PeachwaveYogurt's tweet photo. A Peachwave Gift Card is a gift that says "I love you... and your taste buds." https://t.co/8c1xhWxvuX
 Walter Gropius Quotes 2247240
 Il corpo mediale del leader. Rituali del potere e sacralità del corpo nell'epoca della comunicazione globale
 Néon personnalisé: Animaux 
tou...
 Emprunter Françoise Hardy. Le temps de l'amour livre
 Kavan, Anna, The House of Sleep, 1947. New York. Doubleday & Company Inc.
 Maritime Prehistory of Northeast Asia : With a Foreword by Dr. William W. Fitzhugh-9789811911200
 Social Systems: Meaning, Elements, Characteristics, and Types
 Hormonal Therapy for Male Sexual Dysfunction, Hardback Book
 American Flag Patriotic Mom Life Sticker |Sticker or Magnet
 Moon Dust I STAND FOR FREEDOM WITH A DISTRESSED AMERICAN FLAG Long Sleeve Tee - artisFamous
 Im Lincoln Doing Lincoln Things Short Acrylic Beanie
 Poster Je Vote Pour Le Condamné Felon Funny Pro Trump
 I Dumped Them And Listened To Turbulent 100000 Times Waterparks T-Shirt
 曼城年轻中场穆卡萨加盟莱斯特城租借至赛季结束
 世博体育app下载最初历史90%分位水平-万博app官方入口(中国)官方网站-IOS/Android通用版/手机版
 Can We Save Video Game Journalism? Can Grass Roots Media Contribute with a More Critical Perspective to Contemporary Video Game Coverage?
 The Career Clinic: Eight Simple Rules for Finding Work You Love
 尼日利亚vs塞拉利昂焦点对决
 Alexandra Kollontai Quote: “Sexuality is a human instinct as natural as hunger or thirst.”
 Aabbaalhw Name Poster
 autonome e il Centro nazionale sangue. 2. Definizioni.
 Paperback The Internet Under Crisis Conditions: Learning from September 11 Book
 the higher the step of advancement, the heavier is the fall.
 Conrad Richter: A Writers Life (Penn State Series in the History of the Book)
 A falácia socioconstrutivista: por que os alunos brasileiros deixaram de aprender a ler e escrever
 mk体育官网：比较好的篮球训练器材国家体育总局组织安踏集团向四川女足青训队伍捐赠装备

---------------

§ What is expected:
Look above for the line with "American Flag Patriotic" and the line with "世博体育app下载最初历史9"; transcribe both and all lines in between, exactly, and nothing else.

§ Answer space:
 American Flag Patriotic Mom Life Sticker |Sticker or Magnet
 Moon Dust I STAND FOR FREEDOM WITH A DISTRESSED AMERICAN FLAG Long Sleeve Tee - artisFamous
 Im Lincoln Doing Lincoln Things Short Acrylic Beanie
 Poster Je Vote Pour Le Condamné Felon Funny Pro Trump
 I Dumped Them And Listened To Turbulent 100000 Times Waterparks T-Shirt
 曼城年轻中场穆卡萨加盟莱斯特城租借至赛季结束
 世博体育app下载最初历史90%分位水平-万博app官方入口(中国)官方网站-IOS/Android通用版/手机版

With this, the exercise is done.